SEM Ev Aletleri Satış ve Pazarlama Direktörü Mustafa Yayar

2021 yılı sonu itibarı ile yıllık satışlarınızı, pandemi sebebi ile tüketiciler nezdinde ortaya çıkan talep artışlarını ve kur artışı ile doğan fiyat istikrarsızlığını nasıl değerlendiriyorsunuz?

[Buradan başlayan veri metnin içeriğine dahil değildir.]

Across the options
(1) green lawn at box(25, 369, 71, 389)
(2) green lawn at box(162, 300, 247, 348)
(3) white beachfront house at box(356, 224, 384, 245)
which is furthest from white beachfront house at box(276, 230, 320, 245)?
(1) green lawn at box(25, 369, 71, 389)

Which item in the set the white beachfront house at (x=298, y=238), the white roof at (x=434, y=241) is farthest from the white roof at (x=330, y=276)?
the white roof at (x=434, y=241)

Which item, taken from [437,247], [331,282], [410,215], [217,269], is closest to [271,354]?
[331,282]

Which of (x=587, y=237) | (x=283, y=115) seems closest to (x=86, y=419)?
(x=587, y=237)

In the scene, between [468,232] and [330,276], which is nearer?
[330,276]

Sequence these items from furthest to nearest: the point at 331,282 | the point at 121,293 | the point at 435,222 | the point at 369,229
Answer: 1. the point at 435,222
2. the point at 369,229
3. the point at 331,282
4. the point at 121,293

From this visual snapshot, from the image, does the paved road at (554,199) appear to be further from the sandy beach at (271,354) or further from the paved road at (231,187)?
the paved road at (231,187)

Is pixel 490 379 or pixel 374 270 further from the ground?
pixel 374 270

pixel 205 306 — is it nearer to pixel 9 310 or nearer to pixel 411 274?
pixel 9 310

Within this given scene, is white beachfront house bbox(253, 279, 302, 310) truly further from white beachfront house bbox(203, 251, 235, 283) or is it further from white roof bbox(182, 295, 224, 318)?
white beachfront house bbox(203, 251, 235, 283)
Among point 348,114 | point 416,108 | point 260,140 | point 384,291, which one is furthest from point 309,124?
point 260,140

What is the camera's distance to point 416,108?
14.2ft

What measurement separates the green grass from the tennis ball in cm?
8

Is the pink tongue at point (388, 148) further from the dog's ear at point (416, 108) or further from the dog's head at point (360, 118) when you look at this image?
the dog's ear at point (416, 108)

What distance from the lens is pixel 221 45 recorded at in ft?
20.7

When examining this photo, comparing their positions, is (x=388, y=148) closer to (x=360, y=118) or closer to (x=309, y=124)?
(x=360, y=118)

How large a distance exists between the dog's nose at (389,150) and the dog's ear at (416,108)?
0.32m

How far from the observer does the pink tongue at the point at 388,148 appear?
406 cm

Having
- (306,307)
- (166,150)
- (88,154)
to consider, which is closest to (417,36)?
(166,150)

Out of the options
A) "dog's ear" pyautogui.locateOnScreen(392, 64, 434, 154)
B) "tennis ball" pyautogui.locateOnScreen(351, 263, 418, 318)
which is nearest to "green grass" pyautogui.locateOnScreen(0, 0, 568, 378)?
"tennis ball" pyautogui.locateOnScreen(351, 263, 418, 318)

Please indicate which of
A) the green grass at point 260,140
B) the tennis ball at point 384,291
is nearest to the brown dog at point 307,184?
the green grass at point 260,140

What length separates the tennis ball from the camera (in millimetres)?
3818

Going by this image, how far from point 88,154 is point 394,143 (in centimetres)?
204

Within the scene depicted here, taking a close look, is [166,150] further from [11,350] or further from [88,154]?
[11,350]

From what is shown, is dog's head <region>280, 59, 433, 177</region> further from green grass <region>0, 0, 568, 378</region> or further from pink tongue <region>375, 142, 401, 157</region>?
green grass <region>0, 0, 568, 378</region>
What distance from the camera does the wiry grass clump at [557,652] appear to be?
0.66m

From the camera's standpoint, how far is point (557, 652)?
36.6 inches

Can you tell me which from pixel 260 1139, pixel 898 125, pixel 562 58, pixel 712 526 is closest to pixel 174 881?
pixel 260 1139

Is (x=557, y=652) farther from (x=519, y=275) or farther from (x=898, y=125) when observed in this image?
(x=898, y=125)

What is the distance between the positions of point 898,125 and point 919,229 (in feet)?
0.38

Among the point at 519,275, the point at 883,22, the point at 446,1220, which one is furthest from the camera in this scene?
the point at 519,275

Firma hedeflerimizin yakalanması adına yaptığımız çalışmaların sonuçlarını istenilen düzeyde almış bulunuyoruz. Pandemi boyunca, dünya adeta dev bir köy görünümüne bürünmüş, dünyanın her hangi bir yerinde meydana gelen bir politik ve ekonomik olay büyük – küçük, zengin – yoksul, güçlü-güçsüz tüm ülke ve bölgeleri etkiler hale gelmiştir. Hızla yayılan küreselleşme ülke ekonomilerini hem üretim hem de tüketim yönüyle derinden etkilemiştir. Bu etkileşimin en çarpıcı sonuçlarından birisi de toplumda her alanda dışa açılmayla birlikte rekabetin artması olmuştur. Artan rekabet ekonomik sistemde üretim sistemini ve tüketim alışkanlıklarını da değiştirmiştir. Günümüz tüketicileri tüketim tercihlerinde fiyat, kalite, ihtiyaca uygunluk, çevreye duyarlılık, hijyenik olmaya duyarlılık, satış sonrası hizmetler gibi unsurlara daha çok dikkat eder hale gelmişlerdir. Firmalar arasında pazarda fiyat rekabeti daha da artmıştır. Bu süreçte; dünya üzerinde göreceli olarak daha ucuz üretim faktörlerine sahip gelişmekte olan ülkeler bu avantajlarını kullanarak uluslararası piyasalarda yer edinmeye uğraşmış ve böylelikle ekonomik yönden gelişmelerini sağlamaya çalışmışlardır. Döviz kurlarındaki hızlı artış, ekonomiyi temelde iki yönden etkilemektedir. Bunlardan birincisi fiyat etkisi, ikincisi ise bilanço etkisidir. Bu iki etkinin enflasyon, cari işlemler dengesi ve ekonomideki büyüme üzerinde çeşitli yansımaları olmaktadır. Fiyat etkisi ithal mallarının fiyatını döviz cinsinden artırmakta, ihraç ürünlerinin de TL cinsinden fiyatlarını düşürmektedir. Fiyat etkisi enflasyonu olumsuz etkilerken, cari işlemler dengesini olumlu etkilemektedir. Kurların hızla yükseldiği dönemlerde şirketler 2022 yılında daha uzun vadeli bağlantı talepleri ve siparişler ile karşılaşacağız dövizde açık pozisyonda olmaları nedeni ile TL cinsinden daha fazla kaynak ayırarak vadesi gelen borçlarını ödemek amacıyla yatırımlara daha az kaynak ayırmaktadırlar. Bu durum ise ülkede üretimden, büyümeye ve işsizliğe kadar ekonomiyi olumsuz etkilemektedir. Bu olumsuz etiklerin yanında kurlardaki yükseliş ihracatı arttırırken ithalatı düşürecektir. Döviz kurlarındaki hızlı artış ekonomiye talep düşüşü olarak yansımaktadır. Ülke siyasi belirsizlik, yüksek döviz kuru, enflasyon baskısı, yatırım ertelemesi ve 2023 yılı seçim gündemiyle 2022 yılına gireceğiz. İşsizlik oranları yatırımlardaki düşüşe bağlı olarak artacaktır. Bu ekonomik durum dahilinde tüm enerjimizi yeni yılda ihracata ayırmayı planlıyoruz.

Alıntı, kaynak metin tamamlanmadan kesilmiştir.